Британский писатель, с которым я сам больше всего желал встретиться, был Чарльз Морган, романы которого имели огромный успех во Франции. Я слышал, как он, в прекрасном расшитом зеленым и золотым фраке, произносил свою вступительную речь как ассоциированный член Академии гуманитарных наук. После нашего поражения он написал «Оду Франции». Итак, я побывал у Чарльза Моргана.
Он был наделен очень странной красотой. Два великолепных профиля, и меж ними почти ничего — настолько узким было его лицо. Этот «медальный вид» еще больше подчеркивался немного надменной бесстрастностью его манер. А его флотская трость с серебряным набалдашником казалась частью его самого. Он уже был статуей, которую ему, увы, не воздвигнут. Ибо его соотечественники не питали к нему того же восхищения, что и мы. Он казался им устаревшим, чем-то вроде английского Поля Бурже. Почему он перестал нравиться? Может, из-за стиля, находившегося под слишком большим влиянием французского языка, или же из-за чего-то, что делало его похожим на слишком благовоспитанного Д?Аннунцио? Я не решился его перечитывать. Но думаю все же, что он не заслуживал того удрученного выражения лица, которое появлялось при упоминании его имени, особенно у друзей, которых я завел себе в «Горизонте».
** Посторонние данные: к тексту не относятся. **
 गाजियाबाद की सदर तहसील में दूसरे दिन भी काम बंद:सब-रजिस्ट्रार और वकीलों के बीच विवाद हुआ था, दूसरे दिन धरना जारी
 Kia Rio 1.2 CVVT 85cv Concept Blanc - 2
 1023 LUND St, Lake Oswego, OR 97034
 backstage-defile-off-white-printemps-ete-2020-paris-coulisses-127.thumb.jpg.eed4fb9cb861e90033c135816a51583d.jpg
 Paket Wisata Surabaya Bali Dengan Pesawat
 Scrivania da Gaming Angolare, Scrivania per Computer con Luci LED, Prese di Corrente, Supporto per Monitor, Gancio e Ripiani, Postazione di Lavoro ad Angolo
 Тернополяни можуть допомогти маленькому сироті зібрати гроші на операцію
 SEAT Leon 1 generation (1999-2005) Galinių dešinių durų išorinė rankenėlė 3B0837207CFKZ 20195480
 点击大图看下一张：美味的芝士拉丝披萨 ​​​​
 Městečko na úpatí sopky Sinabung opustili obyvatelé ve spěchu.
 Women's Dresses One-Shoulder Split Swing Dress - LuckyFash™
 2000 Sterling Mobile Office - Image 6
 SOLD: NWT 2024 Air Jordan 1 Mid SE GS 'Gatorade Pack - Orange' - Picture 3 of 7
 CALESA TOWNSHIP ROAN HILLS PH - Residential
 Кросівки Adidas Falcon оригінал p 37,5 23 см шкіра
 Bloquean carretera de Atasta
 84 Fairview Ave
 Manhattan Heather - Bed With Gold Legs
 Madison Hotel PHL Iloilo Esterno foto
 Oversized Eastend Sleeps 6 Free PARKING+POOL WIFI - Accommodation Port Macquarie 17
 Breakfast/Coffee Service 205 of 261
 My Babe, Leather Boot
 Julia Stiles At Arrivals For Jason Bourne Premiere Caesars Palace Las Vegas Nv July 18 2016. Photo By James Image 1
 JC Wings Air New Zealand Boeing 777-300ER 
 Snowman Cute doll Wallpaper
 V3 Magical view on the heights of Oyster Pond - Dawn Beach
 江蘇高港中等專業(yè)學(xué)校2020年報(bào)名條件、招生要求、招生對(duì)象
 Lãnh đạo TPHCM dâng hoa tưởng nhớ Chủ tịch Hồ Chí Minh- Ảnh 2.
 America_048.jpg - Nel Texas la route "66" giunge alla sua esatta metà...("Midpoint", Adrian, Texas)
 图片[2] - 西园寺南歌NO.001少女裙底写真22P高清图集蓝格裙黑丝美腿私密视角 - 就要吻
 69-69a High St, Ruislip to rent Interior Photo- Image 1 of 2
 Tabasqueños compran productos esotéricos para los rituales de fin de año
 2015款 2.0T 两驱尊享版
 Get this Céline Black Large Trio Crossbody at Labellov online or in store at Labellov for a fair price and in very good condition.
«Горизонт» был большим авангардным журналом, наследником движения Блумсбери, который был открыт для авангардных талантов и ни один номер которого в продолжение всей войны не обходился хотя бы без одного французского сюжета, будь то Мольер, Лакло, Флобер, Аполлинер, Жид, Элюар или Монтерлан. «Это ресторан фирменных блюд, но меню всегда одно и то же», — говаривал его редактор Сирил Коннолли, а уж он-то не будет забыт, и его имя по-прежнему олицетворяет все то, что было наиболее интеллектуального, наиболее изысканного, наиболее взыскательного, наиболее high brow [41]в английской литературе нашего времени. Еще долго будут читать его «The Unquiet Grave», написанное с чисто латинской лаконичностью.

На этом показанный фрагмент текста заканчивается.